Et le boucher doit savoir vendre toute la viande des bêtes abattues, et donc gérer ses stocks, ce qui n’est pas simple... Les goûts du consommateur évoluent au fil des saisons et des années, et l’on mange aujourd’hui davantage de quartiers arrières (les « morceaux nobles » : côtes, entrecôtes, filets,…), que d’autres morceaux qui nécessitent une cuisine plus longue (ragoûts, viandes mijotées, etc.) et sont donc plus difficiles à commercialiser.

…avec son lot de difficultés
La famille Château, bouchers à Cour-Cheverny
Bertrand et Anne évoquent notamment la crise de la vache folle dans les années 90, où il fallait convaincre la clientèle que la viande de la boutique, de provenance locale garantie, était tout à fait consommable.
Anne Château : « Le passage à l’euro en 2000 fut également un moment compliqué, où il a fallu changer la caisse enregistreuse, les balances et les étiqueteuses. Le passage aux 35 heures en 2000 fut aussi une période délicate dans la gestion du personnel, avec toujours la difficulté à recruter ».
Dans les « tâches annexes », il fallait aussi procéder à la lessive des tenues du personnel (vêtements, tabliers, etc.) qui se changeait une ou deux fois par jour, et bien sûr assurer la comptabilité.
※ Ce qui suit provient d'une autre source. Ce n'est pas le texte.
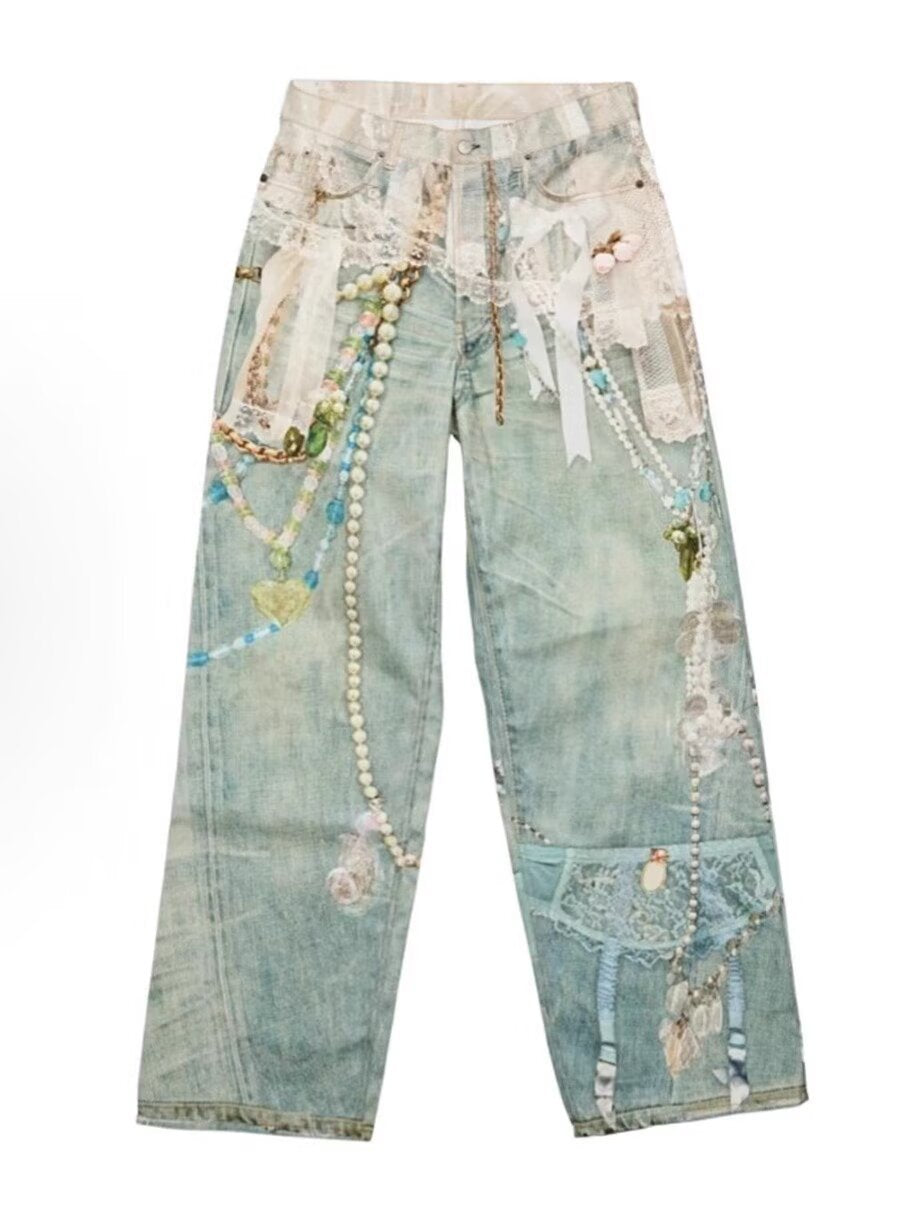 Pearl & Lace Baggy Jeans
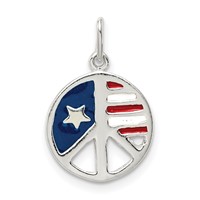 Sterling Silver Polished Enamel American Flag Peace Sign Pendant view 1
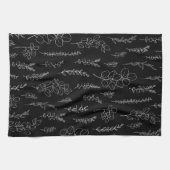 Elegant Line Art Eucalyptus Patroon Theedoek (Horizontaal)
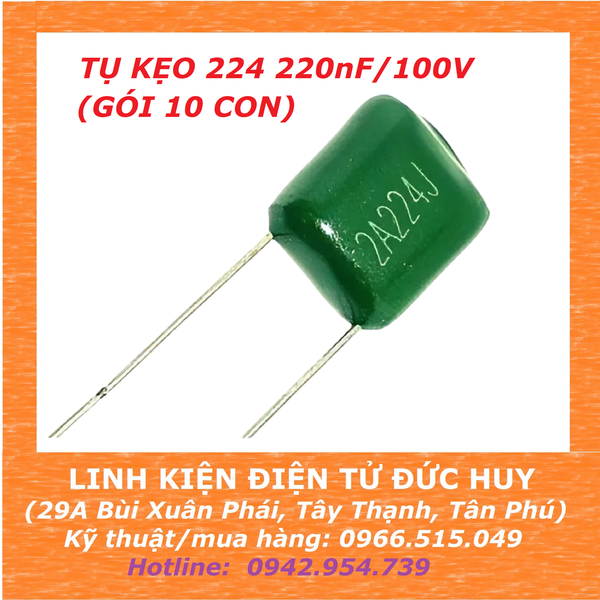 Tụ kẹo 224 220nF 100V(1 GÓI 10 CON)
Changement d’activité et nouveaux projets
En 2005, Anne et Bertrand décident, pour raison de santé, d’arrêter l’activité de boucherie, pour pratiquer l’élevage de poneys et l’accueil en chambre d’hôtes à la ferme de l’Ébat, route de Romorantin au lieudit « La Petite Taurie », que Jean avait achetée en 1960.
Les quatre enfants du couple ont apporté leur aide au commerce dans leur enfance, mais ont ensuite tous pris des voies différentes : Luc, célèbre cavalier et éleveur de chevaux, Pierre agriculteur céréalier, après avoir été quelques années acheteur-estimateur de bétail
(2), Antoine restaurateur à Charleroi (en Belgique) et Vincent maroquinier travaillant pour Hermès.
Le domaine de l’Ébat s’est petit à petit transformé et est maintenant devenu le Haras des Châteaux, géré par Luc et Caroline Quéval sa compagne.
Luc est un cavalier de renommée nationale et internationale, et a obtenu de nombreux succès avec son cheval Propriano, né à l’Ébat. Celui-ci est aujourd’hui âgé de 21 ans, et mène une vie de reproducteur en Allemagne. Il devrait rejoindre prochainement son haras natal.
Luc continue la compétition au plus haut niveau avec les enfants de Propriano, Cocorico de l’Ébat et Bastia de l’Ébat.

Merci à Anne et Bertrand Château, qui nous ont permis de retracer l’histoire d’une famille et d’un commerce dont le village aimerait profiter à nouveau…, ainsi qu’à Jacqueline Viginier, fille de René et Gabrielle Briquet.

P. L.

(1) Voir « Cheverny et Cour-Cheverny en Loir-et-Cher... et nos petites histoires ». Éditions Oxygène Cheverny - Nov. 2018 : page 114 « L’abattoir de Cour-Cheverny ».
(2) L’acheteur-estimateur de bétail pratique le négoce de la viande, entre producteurs et distributeurs. On employait autrefois le terme de maquignon, qui s’appliquait au commerce des chevaux, puis par extension à celui de tout le bétail vivant. De manière péjorative, le terme désigne également un entrepreneur peu scrupuleux en affaires (Larousse).
(3) Nous reviendrons plus longuement sur cette galerie de portraits dans un prochain numéro de « La Grenouille ».